Thank you for your input.


----------



## tm523

MJJEAN said:


> Did you know about the loan when you married? Do you pool finances or do you keep separate finances and each pay your share of the bills?


Yes, I knew about it. And was told it wouldn't effect me/us. We pool finances and pay for everything together.


----------



## MJJEAN

tm523 said:


> Yes, I knew about it. And was told it wouldn't effect me/us. We pool finances and pay for everything together.


This makes zero sense. If you're pooling finances of course any debt one has effects the other. That's a given. You knew of the debt and you pooled finances. By sharing finances you, in effect, took on repayment of the debt as a joint expense.


----------



## tm523

MJJEAN said:


> This makes zero sense. If you're pooling finances of course any debt one has effects the other. That's a given. You knew of the debt and you pooled finances. By sharing finances you, in effect, took on repayment of the debt as a joint expense.


Let me clarify, she budgets, and puts a certain amount aside for this loan. We both have allotted ourselves non sharing money.


----------



## Yeswecan

tm523 said:


> Yes, I knew about it. And was told it wouldn't effect me/us. We pool finances and pay for everything together.


How could the loan not affect you/both when it is paid from pooled finances? Even the loan was paid for my your W generated funds it still affect the overall financial picture.


----------



## Yeswecan

MJJEAN said:


> This makes zero sense. If you're pooling finances of course any debt one has effects the other. That's a given. You knew of the debt and you pooled finances. By sharing finances you, in effect, took on repayment of the debt as a joint expense.


^for the win.


----------



## Yeswecan

Quite honestly, you should be ecstatic that your W is being financially responsible with not only pay off the loan but attempting to do it sooner.


----------



## tm523

Yeswecan said:


> ^for the win.


As I clarified in an earlier response, she puts money aside and budgets accordingly for this.


----------



## Yeswecan

tm523 said:


> As I clarified in an earlier response, she puts money aside and budgets accordingly for this.


That money is then not pooled. This affect the overall financial picture. Basically, money you two can't spend on fun stuff. 

Welcome to marriage. It ain't this is mine and yours is mine. Help pay off the loan. Be happy.


----------



## MJJEAN

tm523 said:


> Let me clarify, she budgets, and puts a certain amount aside for this loan. We both have allotted ourselves non sharing money.


Ok. And? You have shared finances. Anything she budgets for comes out of the shared pot. You each get an allowance to spend on whatever. None of this changes the fact that you were aware of the debt and pooled finances so the debt repayment comes from the joint funds and is now effectively a joint expense.

If you don't like how she budgets you could negotiate how she allots the shared funds or just separate finances and pay 50% of the household expenses however you see fit. Some put 50% into a joint account while others agree who pays what bill.


----------



## wilson

tm523 said:


> She wants to pay more so we have less spending money.


To me, the overpayment sounds like the part which might be unfair.

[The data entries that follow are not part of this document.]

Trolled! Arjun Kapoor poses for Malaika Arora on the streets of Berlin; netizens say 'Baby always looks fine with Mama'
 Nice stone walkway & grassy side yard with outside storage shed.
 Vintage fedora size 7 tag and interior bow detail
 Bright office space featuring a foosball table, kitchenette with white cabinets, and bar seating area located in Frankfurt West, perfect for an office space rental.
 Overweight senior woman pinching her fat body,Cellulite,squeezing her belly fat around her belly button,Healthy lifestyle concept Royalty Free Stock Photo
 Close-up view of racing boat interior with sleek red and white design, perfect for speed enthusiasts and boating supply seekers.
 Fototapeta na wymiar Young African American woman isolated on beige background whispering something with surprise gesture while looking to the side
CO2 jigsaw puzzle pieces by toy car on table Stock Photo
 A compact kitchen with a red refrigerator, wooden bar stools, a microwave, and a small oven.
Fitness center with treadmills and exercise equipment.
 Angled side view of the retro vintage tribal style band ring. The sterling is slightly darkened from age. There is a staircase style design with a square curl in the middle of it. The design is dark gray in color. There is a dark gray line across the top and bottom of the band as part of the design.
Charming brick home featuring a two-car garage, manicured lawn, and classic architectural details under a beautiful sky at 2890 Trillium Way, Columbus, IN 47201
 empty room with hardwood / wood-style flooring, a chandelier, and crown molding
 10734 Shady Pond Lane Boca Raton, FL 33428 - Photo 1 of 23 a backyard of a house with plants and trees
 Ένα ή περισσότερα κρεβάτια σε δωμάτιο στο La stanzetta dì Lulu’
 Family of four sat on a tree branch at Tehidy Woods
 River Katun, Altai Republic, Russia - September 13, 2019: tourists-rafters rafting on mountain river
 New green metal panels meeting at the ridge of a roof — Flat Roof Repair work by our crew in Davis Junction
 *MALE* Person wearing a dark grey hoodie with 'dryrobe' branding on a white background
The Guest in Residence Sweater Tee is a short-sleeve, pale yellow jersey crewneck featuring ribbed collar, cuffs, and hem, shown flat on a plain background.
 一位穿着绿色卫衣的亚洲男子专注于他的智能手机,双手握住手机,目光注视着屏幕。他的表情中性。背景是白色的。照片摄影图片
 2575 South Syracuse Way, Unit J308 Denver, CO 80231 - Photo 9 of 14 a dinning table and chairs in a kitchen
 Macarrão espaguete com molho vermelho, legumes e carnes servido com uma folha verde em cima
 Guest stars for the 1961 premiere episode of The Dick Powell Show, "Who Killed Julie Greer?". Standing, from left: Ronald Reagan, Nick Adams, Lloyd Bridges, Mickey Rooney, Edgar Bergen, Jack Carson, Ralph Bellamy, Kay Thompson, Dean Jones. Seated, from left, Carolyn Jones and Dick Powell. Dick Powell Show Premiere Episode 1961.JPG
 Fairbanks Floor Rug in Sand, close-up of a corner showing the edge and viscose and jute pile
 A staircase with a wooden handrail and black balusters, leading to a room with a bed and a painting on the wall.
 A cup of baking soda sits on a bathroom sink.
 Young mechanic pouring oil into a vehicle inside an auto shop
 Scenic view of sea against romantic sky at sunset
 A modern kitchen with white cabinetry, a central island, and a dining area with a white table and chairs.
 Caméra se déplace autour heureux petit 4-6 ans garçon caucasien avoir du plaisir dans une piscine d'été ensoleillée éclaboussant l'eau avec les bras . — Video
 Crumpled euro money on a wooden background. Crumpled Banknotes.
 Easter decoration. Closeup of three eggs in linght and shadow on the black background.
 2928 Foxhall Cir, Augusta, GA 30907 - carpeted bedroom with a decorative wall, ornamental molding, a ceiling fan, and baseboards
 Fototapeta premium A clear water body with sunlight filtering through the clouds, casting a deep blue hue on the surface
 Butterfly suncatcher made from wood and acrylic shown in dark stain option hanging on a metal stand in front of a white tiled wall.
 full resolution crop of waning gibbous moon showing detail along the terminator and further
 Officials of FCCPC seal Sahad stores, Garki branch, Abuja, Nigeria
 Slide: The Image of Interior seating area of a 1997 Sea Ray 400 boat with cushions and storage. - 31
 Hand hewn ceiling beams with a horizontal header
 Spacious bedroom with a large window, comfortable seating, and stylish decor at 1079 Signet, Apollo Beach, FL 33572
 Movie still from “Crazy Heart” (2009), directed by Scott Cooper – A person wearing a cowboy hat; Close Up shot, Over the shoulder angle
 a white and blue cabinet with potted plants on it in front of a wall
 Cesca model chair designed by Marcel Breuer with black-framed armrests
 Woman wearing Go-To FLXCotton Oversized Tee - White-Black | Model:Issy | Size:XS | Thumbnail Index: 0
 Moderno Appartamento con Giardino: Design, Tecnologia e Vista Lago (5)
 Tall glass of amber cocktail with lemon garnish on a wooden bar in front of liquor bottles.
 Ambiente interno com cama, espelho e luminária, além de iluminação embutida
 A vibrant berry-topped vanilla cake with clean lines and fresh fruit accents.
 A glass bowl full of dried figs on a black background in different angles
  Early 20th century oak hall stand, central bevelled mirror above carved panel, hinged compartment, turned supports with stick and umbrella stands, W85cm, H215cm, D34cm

If you thought $X would be going towards the loan and now she wants to put $X+$Y towards the loan, that would be a reasonable thing to discuss. 

However, because of her history with her ex, I would support paying this loan off as fast as possible even if it meant temporary hardships. Having the monthly payment is a monthly reminder of what he put her through. The sooner she can get rid of the loan, the sooner she can forget about him. If you supported her on this, it would mean a lot to her.

How much is the balance of the loan that needs to be paid off?


----------



## tm523

I appreciate everyone's input on this and I seemed to have gotten the advice that I was looking for. That said, is there a way to delete this thread as I am the thread starter? Seeing how this is specific to myself, I don't feel it needs to be shared an longer. I realize that putting it into a public forum contradicts that but I needed advice.


----------



## Yeswecan

tm523 said:


> I appreciate everyone's input on this and I seemed to have gotten the advice that I was looking for. That said, is there a way to delete this thread as I am the thread starter? Seeing how this is specific to myself, I don't feel it needs to be shared an longer. I realize that putting it into a public forum contradicts that but I needed advice.


Bills and loans are not specific. We all have them in single and married life. If this loan is such an issue you have a long road ahead of you and your marriage. Good luck.


----------